A moment to re-align my thinking. I have been doing massive loads of housework today because an old uni friend is staying the night and then tomorrow son no.2's best friend arrives with his mum and sister to stay for a couple of days. And to be honest we have only just recovered from the week in Guernsey and the previous weekend's whistlestop weekend with my parents!
I loved being with my family. More than I'd anticipated - we are not your close crowd, dysfunctional in many ways. It finitially elt like a duty ride to please my mother, who is the one person among them who keeps in regular contact and seems to care, but in the event it was great to see everyone. Mum was gobsmacked, as it was a complete surprise and I had told her nothing about our arrival; it worked just as we had wanted, I got her on my cellphone and then walked straight in through the front door. They have been depressed of late. Dad's not well and immobile, and drinks far too much, Mum is wearing herself to a frazzle looking after him nonstop, and isn't too good herself, and little bro, who lives with them and works from home, is stressed from his massive job pressure and a legal battle to get a troublesome tenant out of the flat he rents out. Sis, who came on the Sunday afternoon with her husband and two of the kids, has been redundant for 6 years and her husband is doing two jobs to keep the wolf from the door. Nevertheless we relaxed and had fun together, and I know it meant a lot to the others, who have promised to keep in touch. Auntie has already befriended son no.1 on Facebook.
Guernsey was a dream week. The weather was amazingly hot most of the time but when there were showers they blew over remarkably rapidly; the wind cleared them from the sky as if with a big broom, and we were back to the sunshine that made the docks look so stunning with their little ships tethered in a bobbing herd. The sea is green there, actually turquoise green! I'm used to the Channel being a cold wash of grey, and I am certainly not used to it dancing and sparkling as it did at the beach. The 20-minute boat trip to the nearby island of Herm was therefore a visual feast both on the island itself and the trips to and from Guernsey.
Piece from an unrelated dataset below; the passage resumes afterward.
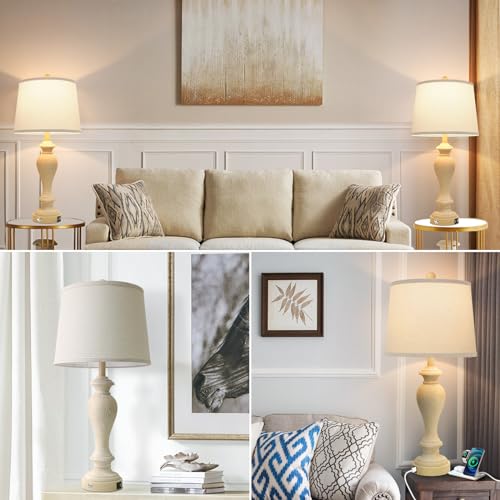 Set of 2 Touch Control Table Lamps, 27" Bedside Lamps with USB Ports, Dimmable K3955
And what did we do there? Well. Um. We visited quite a few museums for a start. Guernsey museum had a local youth choir entertaining outside, an impressive statue of Victor Hugo in the lovely gardens (he lived there in exile) and a vintage toy exhibition inside. I spent half my time watching 'Watch With Mother' (children's afternoon programmes in the 60's) on the little telly. Ooh, the memories! As a stark contrast we went to the museum of the Nazi occupation, and that was scary and chilled us. We emerged very sombre; fortunately we were able to follow it up with a look round the beautiful aquarium nearby and laugh at the little turtles fighting each other to get to their food. It was hilarious, because they kept shoving one another out of the way and treading on the heads of their poolmates.
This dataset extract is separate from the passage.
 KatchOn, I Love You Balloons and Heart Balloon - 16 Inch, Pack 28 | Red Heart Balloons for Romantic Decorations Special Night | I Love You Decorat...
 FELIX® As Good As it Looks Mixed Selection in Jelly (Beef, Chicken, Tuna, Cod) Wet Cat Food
We also went to Victor Hugo's home. It has been kept pretty much as he left it, and I am at a loss to describe it, you'd have to go there. He basically created, with his own art and a mixture of others' (Oriental art was a big part of this. There are watercoloured ricepaper insets everywhere), a reflection of his mind. He used to go round antique shops, pick up gorgeous wooden tables and cannibalise the legs to put on his self-designed chimney pieces. There are hidden and disguised doors all over the place, it must have been a Mecca for kids, and cleverly placed mirrors all over. The rooms are deliberately contrasted; you might come out of a mahogany-panelled dining room into a sparsely furnished conservatory flooded with light and with an impressive view of the sea. He was quirky too - there is one small area where walls and ceiling are completely 'tiled' with china plates and dish lids. In an adjoining room there was a washbasin created from the soup tureen whose lid had been the centrepiece of the ceiling! And there was one bedroom with a 'tree' - a big wooden freestanding candelabra - in the centre. We loved it and we felt we knew him so much better when we came out.
Other outings - well, we did a little military museum and a shipwreck one to please my better half (wonderful views there as the museum is on a fort situated slightly out to sea on the end of a causeway), lots of shopping for me and a bus trip to a craft centre with minigolf for son no.2.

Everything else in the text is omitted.